The question is for a data set of N*D, N for number of data points and D for dimension, the maximum number of principal component is max(N, D).
Then I discovered a fact that, when N is larger than D, by using D principal components, any old data(data within the data set) could be reconstructed absolutely the same as it was, so can any new data, the result of
((new_data - mean) %*% loadings %*% t(loadings) + mean) ### code in R
is the same as new_data.
However, when D is larger than N, by using N principal components, reconstruction of data within the data set is still precise, that of the new data differs from the originals. I just can't figure out why. Can you please explain or give some hint?
 A: I think you have some mistaken notions about PCA. The maximum number of principal component is D. Principal components are orthogonal to each other, so once you have D of them, you span the entire space. You wouldn't be able to find a D+1 principle component in a space of D dimensions, regardless of N>D.
The first part is as expected. When you express your N data points in D principal components, it is a simple change of basis. Change of basis should be reversible, if the new basis is full ranked, which it is in this case.

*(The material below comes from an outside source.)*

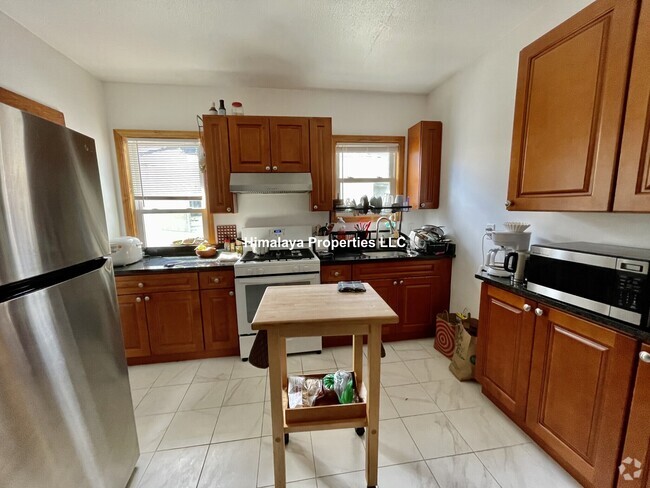 Building Photo - 84 Allston St Rental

If D>N, your N datapoints lie within a smaller subspace of at most N dimensions. By using N principal components, you should be able to span that N subspace. The PCA would only be able to find N principal components. If your new data, e.g. point N+1, lies outside of the subspace spanned by the N principal components, you don't have the basis to represent the point N+1. Thus you get reconstruction error. If you do PCA again including the new data points, you will again get zero reconstruction error on your data.
A: @mt0 provided a nice answer (+1), the only thing missing there is an illustration. So in an attempt to win the Worst CrossValidated Illustration Contest here is my drawing captured by a laptop camera:

Here in both cases $D=2$. On the left $N>D$, so there are two principal components, and new points (open circles) can be perfectly represented in the new coordinates (given by two PCs). On the right there are only 2 data points, so $N-1<D$ and there is only one principal component to be estimated. Now the new points (again, open circles) can only be approximated by their projections on this first principal components and there is nonzero reconstruction error depicted by dashed lines.